Killed off: In the end, I found what I'd come looking for, a spot near a tree in my family's town to which an old woman pointed and said, "It happened there." I suppose it was because my visit had to do with final resting places that I made it a point, before returning home, to see the famed Lychakivsky Cemetery—the "Père Lachaise of the East." It's typical of this city that, when you drive to this magnificent necropolis, which slopes up a vast hill not far from the city's center, the first thing you see are giant tour buses filled with Poles from across the border (whether to visit family graves—although the borders have changed, the dead have not moved—or simply to pay their respects to a site of Polish culture, is impossible to say).
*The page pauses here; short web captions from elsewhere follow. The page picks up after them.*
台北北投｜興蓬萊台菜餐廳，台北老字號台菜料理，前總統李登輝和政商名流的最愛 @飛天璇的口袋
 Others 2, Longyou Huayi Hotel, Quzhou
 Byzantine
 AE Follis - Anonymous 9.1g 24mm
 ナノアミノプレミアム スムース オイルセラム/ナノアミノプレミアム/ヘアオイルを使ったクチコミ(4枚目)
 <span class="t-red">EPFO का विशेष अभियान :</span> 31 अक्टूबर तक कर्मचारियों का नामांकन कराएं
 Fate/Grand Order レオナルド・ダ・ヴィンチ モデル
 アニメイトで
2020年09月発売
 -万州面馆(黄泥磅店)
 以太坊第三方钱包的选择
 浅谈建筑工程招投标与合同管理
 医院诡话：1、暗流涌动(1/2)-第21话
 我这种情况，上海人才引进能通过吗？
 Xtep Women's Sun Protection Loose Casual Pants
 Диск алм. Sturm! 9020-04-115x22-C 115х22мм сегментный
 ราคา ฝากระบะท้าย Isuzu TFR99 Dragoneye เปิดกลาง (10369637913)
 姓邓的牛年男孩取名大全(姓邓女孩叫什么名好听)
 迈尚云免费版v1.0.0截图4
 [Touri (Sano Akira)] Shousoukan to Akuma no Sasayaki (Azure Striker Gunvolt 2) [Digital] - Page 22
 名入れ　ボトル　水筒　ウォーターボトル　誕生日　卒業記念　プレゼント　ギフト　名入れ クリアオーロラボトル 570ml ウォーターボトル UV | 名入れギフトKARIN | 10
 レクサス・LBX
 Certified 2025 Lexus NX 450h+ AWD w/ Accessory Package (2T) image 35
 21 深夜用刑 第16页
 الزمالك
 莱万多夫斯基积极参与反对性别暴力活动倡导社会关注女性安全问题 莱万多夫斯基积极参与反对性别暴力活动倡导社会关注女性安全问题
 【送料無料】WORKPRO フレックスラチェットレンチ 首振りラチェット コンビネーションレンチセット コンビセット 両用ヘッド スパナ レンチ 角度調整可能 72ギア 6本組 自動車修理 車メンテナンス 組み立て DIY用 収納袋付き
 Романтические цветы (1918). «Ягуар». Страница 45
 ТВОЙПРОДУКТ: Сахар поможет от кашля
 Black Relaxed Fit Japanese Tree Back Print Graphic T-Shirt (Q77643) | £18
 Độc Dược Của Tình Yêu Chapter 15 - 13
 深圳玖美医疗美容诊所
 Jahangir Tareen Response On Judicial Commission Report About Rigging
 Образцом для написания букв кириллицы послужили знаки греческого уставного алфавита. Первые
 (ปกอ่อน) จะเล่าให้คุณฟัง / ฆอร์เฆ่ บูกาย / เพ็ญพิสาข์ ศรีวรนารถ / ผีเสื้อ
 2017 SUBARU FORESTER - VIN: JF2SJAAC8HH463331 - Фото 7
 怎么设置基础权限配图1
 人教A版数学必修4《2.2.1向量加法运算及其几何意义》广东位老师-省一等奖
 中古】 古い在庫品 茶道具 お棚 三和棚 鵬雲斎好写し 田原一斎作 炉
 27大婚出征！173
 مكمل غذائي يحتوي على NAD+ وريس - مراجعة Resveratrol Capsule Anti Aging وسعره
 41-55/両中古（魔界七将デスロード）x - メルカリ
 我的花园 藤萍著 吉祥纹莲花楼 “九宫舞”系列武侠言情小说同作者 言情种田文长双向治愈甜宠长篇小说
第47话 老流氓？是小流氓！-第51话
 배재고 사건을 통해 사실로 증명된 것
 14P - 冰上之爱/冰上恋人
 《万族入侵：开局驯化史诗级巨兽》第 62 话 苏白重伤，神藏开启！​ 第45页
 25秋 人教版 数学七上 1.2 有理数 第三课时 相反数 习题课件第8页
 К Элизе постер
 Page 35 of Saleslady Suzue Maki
Perhaps because the dead constitute the only population that hasn't been relocated, over time and through the course of so many regimes, this cemetery may be the best place, in the end, to appreciate the rich and layered history of the city.
For there they all lie together—the Polish princes in their stately Gothic and Neoclassical and Beaux-Arts mausoleums; some Soviet-era Jews, their Modernistic stones protected (from whom?) by wire cages; Ukrainian patriots and heroes of the 1940's and 1990's, honored with patriotic inscriptions; Russian soldiers; a stone Cardinal Stefanowicz lying atop his own tomb, his miter carefully straightened; the slumped figure of a middle-aged schoolteacher dozing atop another stone; the photographs of members of another family peering out of their oval niches, their bonnets and top hats all just so—a gathering that speaks perhaps even better than the façades of this beautiful and tragic city's buildings can ever do (for as we know, they can always be painted over) of a rich diversity that, although no more, continues to be felt in everything you see here, everywhere you go.